In his brief sojourn in public life Anthony Scaramucci managed to provide hours of material for the late night shows and many columns of commentary by serious pundits.

It is all so troubling and disturbing. A man so obviously unqualified to be a Communications Director quickly drops the tenor of the office to the level of teen boy locker room talk in an under founded school system.

He has come and gone.

But within all the inaccuracies, lies, egoism, and stupidity of Donald Trump’s statements in an interview with the Wall Street Journal on July 25, this particular use of language stood out for me:

“I think Anthony will do amazing.”

There is a time in one’s development of intellectual and linguistic abilities when nouns and adverbs and adjectives get all mixed up, when the brain cannot yet formulate explanatory secondary clauses, and when the brain does not yet notice the misuse of words, catch this, and then explain further.

That age is about 13, 14, 15. (and younger than this of course)

13, 14, 15 is the age at which I hear kids use the phrase, “will do amazing.”

By 17, if they say “will do amazing” they catch themselves and explain further in a second clause, such as, “I mean, like, I think he will get really high marks.”

By university level they realize that the quality of being amazed belongs to the observer, not the doer, and the whole thing is phrased differently.

And all through the transcripts of recent interviews and off-the-teleprompter speeches it is clear Donald Trump does not catch his own absurdities, his own unfinished thoughts, his own deviations from logic, and his own outrageous boasting.
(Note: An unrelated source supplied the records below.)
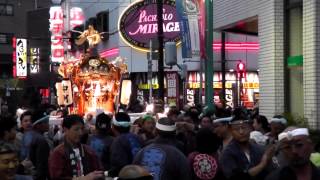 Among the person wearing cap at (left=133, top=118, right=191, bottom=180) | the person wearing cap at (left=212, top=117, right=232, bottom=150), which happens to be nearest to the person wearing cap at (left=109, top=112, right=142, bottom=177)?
the person wearing cap at (left=212, top=117, right=232, bottom=150)

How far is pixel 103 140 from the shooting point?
9586mm

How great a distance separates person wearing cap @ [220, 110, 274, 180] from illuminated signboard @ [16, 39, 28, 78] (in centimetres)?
4887

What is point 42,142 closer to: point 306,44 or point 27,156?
point 27,156

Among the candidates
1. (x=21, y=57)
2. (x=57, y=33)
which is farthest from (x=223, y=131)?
(x=21, y=57)

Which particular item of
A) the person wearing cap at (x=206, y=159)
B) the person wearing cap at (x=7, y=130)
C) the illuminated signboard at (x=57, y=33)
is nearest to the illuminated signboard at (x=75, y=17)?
the illuminated signboard at (x=57, y=33)

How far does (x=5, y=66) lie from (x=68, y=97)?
170 feet

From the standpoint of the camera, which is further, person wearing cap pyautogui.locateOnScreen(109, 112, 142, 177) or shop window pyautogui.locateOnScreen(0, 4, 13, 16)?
shop window pyautogui.locateOnScreen(0, 4, 13, 16)

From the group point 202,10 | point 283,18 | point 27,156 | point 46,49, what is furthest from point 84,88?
point 46,49

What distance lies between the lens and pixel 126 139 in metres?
8.48

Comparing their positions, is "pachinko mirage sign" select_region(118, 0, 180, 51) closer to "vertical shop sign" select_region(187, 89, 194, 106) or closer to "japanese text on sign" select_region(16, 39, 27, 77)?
"vertical shop sign" select_region(187, 89, 194, 106)

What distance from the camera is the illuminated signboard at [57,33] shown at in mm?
47000

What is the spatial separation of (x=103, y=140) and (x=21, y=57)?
4638 centimetres

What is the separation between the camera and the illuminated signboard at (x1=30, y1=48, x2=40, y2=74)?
5453 cm

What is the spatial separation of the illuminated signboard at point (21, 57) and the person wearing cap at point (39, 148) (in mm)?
45222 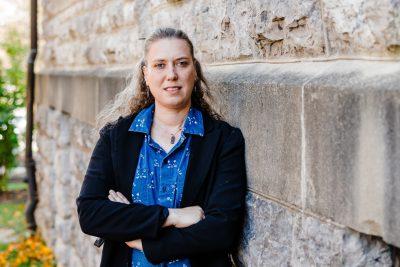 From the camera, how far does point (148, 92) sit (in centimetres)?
268

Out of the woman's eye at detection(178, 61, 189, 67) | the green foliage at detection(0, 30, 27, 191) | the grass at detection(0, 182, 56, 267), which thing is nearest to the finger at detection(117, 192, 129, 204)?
the woman's eye at detection(178, 61, 189, 67)

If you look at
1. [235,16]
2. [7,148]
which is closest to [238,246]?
[235,16]

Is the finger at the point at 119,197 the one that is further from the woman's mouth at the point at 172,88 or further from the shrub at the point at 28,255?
the shrub at the point at 28,255

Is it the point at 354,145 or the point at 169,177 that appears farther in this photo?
the point at 169,177

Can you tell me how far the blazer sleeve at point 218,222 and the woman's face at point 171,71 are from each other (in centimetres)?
29

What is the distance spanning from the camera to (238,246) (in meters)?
2.34

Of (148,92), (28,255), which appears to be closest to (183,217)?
(148,92)

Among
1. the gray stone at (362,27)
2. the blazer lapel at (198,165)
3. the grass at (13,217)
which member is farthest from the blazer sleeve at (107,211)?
the grass at (13,217)

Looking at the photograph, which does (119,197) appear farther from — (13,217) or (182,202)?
(13,217)

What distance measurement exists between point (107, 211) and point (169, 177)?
0.28 meters

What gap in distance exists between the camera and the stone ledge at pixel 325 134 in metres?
1.46

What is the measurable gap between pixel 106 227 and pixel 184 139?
47 centimetres

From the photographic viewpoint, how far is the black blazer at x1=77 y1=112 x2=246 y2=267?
2.21 metres

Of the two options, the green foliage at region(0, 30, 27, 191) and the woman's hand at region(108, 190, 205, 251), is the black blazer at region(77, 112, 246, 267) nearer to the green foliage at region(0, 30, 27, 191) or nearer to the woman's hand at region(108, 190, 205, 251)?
the woman's hand at region(108, 190, 205, 251) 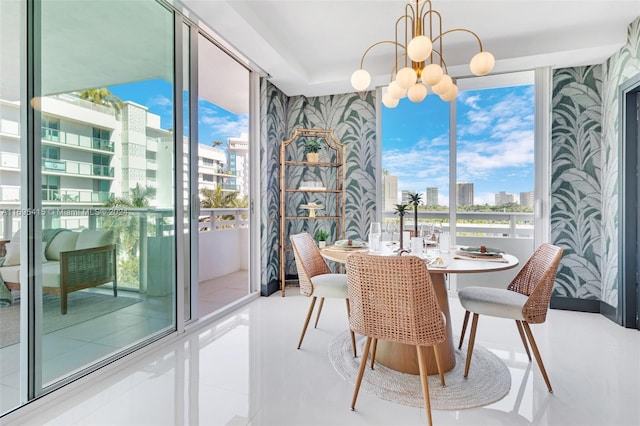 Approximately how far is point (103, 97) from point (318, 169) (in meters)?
2.76

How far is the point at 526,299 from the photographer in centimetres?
204

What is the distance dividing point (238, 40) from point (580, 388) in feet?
11.8

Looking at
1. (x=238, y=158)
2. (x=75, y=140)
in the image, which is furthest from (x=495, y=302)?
(x=238, y=158)

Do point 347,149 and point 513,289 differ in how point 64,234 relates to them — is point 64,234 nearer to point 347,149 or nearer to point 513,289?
point 513,289

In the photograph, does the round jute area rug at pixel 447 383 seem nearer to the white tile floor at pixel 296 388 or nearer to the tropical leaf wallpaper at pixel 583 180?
the white tile floor at pixel 296 388

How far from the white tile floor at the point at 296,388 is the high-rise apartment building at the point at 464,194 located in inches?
61.8

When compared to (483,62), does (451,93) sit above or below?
below

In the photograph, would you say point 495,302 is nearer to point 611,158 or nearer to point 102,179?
point 611,158

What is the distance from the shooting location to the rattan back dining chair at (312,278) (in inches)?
96.3

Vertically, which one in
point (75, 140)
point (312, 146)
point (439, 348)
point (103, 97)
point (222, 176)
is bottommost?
point (439, 348)

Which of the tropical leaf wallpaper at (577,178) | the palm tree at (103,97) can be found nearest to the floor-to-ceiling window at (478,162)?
the tropical leaf wallpaper at (577,178)

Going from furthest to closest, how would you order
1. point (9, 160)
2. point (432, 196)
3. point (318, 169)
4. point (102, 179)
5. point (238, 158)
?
point (238, 158)
point (318, 169)
point (432, 196)
point (102, 179)
point (9, 160)

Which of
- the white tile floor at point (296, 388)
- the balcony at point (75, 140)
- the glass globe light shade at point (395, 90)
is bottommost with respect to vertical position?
the white tile floor at point (296, 388)

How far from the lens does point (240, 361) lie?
7.46ft
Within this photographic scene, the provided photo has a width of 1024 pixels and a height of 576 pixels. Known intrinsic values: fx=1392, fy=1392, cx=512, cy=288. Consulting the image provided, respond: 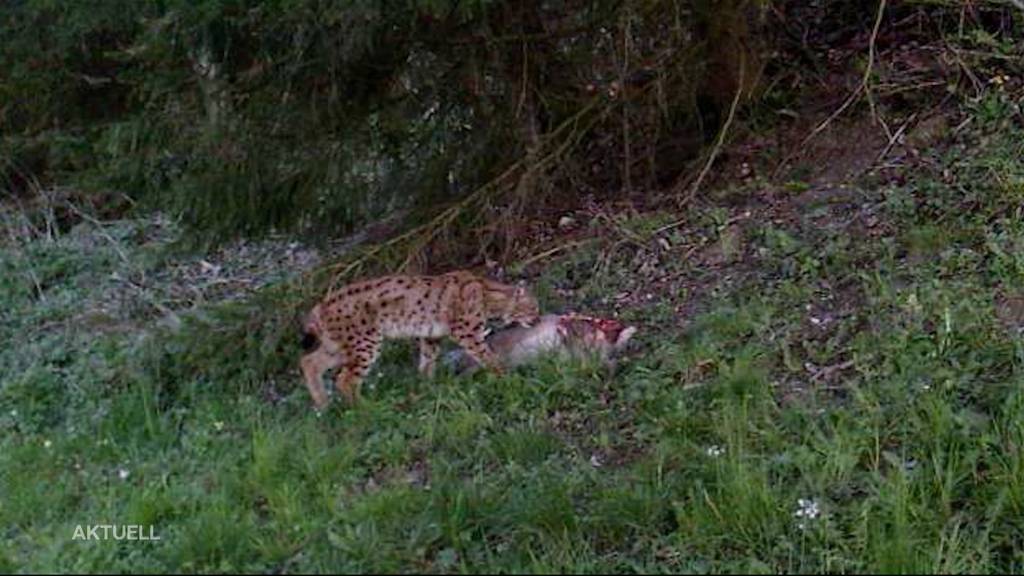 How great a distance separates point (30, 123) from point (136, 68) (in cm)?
213

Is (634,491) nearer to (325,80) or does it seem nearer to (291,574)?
(291,574)

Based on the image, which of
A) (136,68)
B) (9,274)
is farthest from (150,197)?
(9,274)

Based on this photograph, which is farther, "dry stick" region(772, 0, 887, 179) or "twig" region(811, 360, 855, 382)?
"dry stick" region(772, 0, 887, 179)

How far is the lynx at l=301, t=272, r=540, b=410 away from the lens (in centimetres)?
790

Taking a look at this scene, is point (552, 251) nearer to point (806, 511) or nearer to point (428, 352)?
point (428, 352)

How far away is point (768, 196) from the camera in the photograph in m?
9.62

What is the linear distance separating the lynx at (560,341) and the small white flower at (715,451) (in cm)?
140

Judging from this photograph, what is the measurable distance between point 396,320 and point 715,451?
2.42 metres

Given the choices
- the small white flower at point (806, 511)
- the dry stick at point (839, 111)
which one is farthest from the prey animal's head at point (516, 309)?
the small white flower at point (806, 511)

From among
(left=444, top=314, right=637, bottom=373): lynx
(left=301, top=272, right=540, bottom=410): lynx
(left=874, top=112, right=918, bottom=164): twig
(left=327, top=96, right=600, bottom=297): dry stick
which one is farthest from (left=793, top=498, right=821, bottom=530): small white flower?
(left=874, top=112, right=918, bottom=164): twig

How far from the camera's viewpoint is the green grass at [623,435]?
18.2 ft

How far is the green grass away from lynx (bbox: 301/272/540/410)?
191 mm

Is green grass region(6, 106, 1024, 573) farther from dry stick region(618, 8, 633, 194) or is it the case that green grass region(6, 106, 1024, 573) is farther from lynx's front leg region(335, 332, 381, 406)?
dry stick region(618, 8, 633, 194)

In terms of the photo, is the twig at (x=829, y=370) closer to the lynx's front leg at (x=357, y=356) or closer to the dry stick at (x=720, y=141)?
the lynx's front leg at (x=357, y=356) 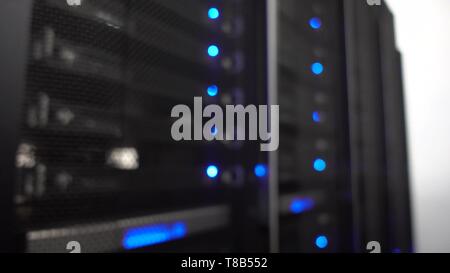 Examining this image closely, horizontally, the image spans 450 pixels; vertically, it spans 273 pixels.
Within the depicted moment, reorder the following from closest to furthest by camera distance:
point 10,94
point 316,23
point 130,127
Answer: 1. point 10,94
2. point 130,127
3. point 316,23

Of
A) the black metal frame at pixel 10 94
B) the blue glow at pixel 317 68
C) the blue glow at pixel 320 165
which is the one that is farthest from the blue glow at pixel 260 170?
the black metal frame at pixel 10 94

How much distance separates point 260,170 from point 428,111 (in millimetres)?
348

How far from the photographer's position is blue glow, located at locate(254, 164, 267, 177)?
2.08ft

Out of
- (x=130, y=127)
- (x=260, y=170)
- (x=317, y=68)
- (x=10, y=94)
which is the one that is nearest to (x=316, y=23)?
(x=317, y=68)

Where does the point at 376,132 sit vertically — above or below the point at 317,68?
below

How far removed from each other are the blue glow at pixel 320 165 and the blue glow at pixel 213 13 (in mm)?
356

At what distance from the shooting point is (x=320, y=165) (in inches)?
25.9

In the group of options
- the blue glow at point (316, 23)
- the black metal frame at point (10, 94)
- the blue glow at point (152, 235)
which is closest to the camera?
the black metal frame at point (10, 94)

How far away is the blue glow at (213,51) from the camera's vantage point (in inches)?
26.1

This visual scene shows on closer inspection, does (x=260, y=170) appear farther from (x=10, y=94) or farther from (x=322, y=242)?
(x=10, y=94)

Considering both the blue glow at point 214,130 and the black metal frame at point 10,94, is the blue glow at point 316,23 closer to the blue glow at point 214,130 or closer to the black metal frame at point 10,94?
the blue glow at point 214,130

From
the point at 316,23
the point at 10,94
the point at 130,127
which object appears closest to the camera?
the point at 10,94

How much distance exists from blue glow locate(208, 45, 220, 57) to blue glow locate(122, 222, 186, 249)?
1.10 ft

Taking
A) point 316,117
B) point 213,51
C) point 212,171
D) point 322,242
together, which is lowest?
point 322,242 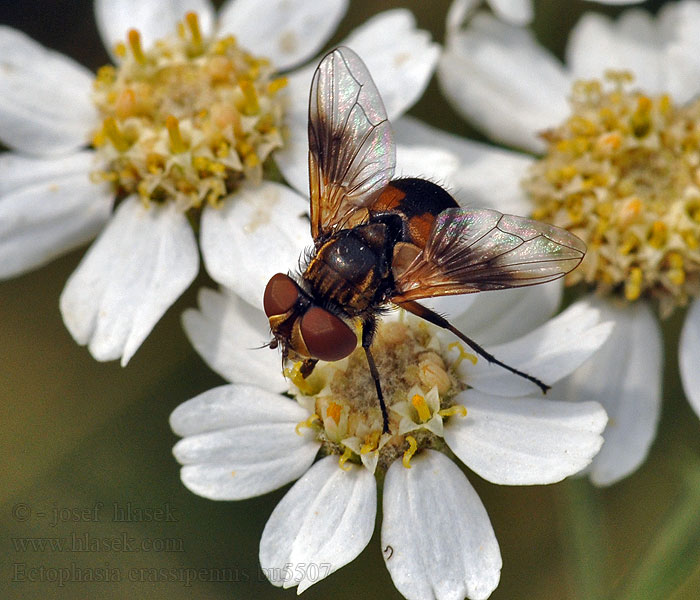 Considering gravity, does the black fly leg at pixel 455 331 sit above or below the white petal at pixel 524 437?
above

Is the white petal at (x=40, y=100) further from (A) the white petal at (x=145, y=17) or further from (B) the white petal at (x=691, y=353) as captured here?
(B) the white petal at (x=691, y=353)

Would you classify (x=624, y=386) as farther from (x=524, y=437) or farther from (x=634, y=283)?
(x=524, y=437)

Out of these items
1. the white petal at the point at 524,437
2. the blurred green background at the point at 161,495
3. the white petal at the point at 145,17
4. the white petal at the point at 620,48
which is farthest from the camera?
the white petal at the point at 620,48

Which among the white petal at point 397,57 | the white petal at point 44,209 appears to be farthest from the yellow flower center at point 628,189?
the white petal at point 44,209

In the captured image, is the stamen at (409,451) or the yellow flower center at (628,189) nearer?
the stamen at (409,451)

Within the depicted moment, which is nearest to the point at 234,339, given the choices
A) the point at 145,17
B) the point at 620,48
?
the point at 145,17

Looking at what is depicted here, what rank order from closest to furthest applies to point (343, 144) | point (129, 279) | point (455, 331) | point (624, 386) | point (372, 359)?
point (372, 359) → point (455, 331) → point (343, 144) → point (129, 279) → point (624, 386)

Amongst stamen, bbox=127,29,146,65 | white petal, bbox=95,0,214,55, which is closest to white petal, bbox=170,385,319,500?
stamen, bbox=127,29,146,65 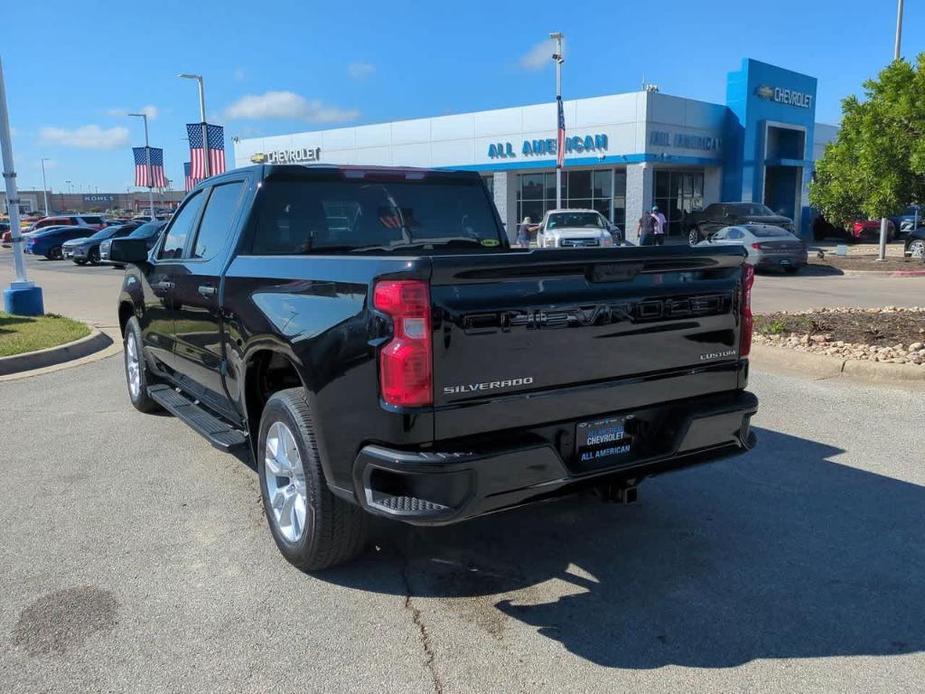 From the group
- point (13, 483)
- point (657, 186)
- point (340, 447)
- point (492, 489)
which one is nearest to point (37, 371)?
point (13, 483)

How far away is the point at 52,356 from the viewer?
9.18 meters

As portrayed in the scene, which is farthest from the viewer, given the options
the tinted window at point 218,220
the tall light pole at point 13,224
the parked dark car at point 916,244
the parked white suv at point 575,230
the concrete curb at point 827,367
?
the parked dark car at point 916,244

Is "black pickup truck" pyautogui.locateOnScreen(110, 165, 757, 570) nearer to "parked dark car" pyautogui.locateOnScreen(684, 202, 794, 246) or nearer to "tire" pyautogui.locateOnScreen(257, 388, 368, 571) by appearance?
"tire" pyautogui.locateOnScreen(257, 388, 368, 571)

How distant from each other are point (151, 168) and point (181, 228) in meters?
41.8

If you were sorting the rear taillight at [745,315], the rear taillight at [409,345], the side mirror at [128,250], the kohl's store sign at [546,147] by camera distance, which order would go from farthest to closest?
the kohl's store sign at [546,147] < the side mirror at [128,250] < the rear taillight at [745,315] < the rear taillight at [409,345]

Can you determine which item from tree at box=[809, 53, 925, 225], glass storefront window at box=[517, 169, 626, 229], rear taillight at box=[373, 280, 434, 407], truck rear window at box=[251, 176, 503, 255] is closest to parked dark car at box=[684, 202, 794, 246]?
glass storefront window at box=[517, 169, 626, 229]

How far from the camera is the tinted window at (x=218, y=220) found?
4.85 meters

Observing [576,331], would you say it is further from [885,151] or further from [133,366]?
[885,151]

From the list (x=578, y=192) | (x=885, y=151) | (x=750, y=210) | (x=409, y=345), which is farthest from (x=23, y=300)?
(x=578, y=192)

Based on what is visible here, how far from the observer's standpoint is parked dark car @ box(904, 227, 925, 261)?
2475cm

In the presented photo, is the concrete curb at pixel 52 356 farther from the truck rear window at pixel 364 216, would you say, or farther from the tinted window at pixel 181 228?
the truck rear window at pixel 364 216

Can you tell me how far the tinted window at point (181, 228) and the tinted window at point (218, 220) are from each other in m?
0.23

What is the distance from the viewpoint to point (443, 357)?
9.85 feet

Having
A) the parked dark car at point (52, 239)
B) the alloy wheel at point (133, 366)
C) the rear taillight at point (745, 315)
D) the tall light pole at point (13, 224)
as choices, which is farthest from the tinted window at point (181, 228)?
the parked dark car at point (52, 239) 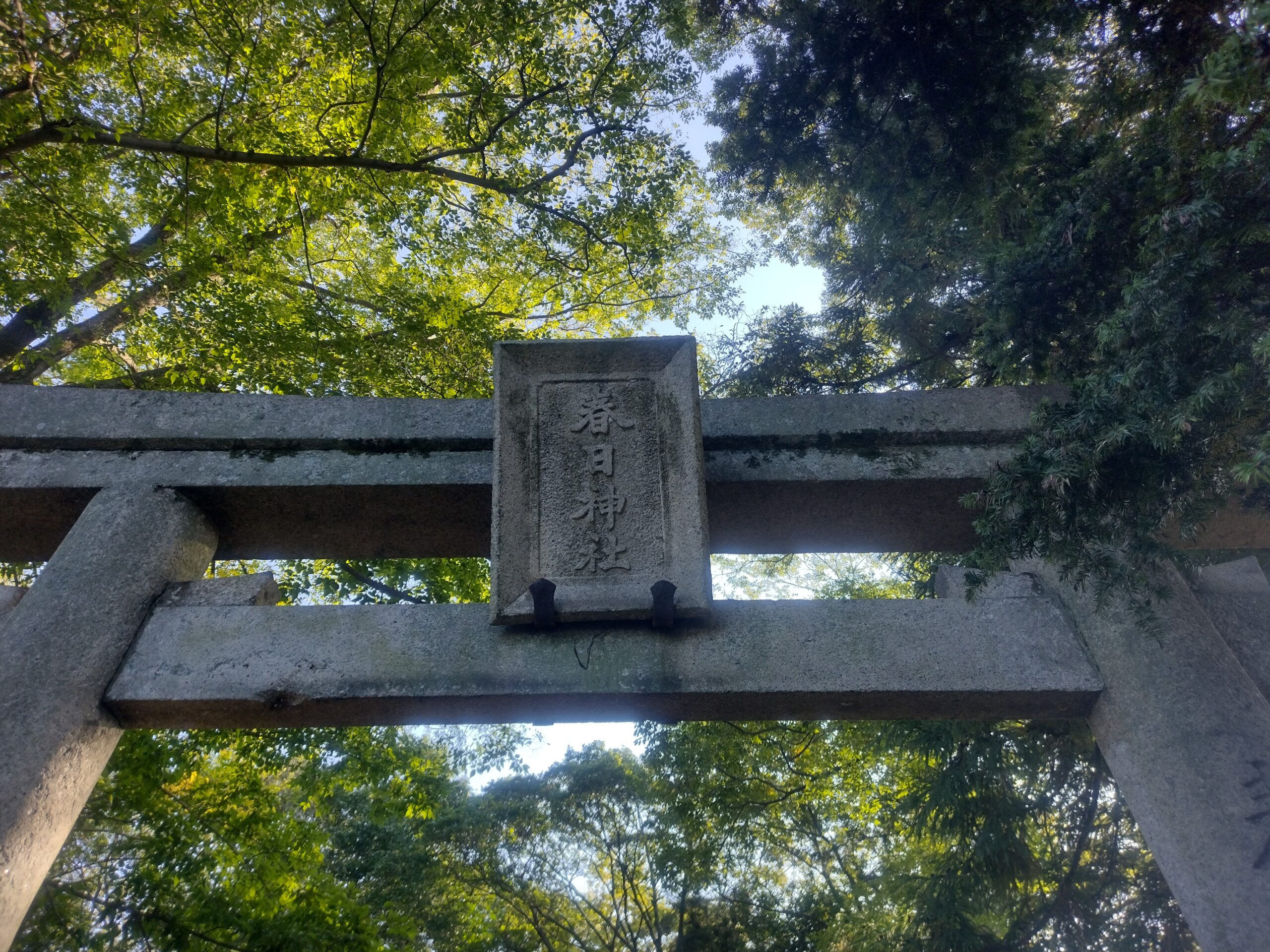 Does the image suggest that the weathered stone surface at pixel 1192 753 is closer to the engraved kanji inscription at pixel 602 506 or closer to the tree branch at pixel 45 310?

I hear the same from 14-year-olds in my clinical practice. By 17 or so, most have the ability to hear what they have just said, to notice when it veers from truth or logic.

My American friends, your president is a very narcissistic entitled 14 year old.

Though, I must admit, as damaging as he is to the reputation of America in the rest of the world, he may be less dangerous than many Republican alternatives.

Might I suggest a strategy to keep us all safe: Every other leader in this fragile world of ours should send Donald Trump an effusive Valentine card four times a year, at least.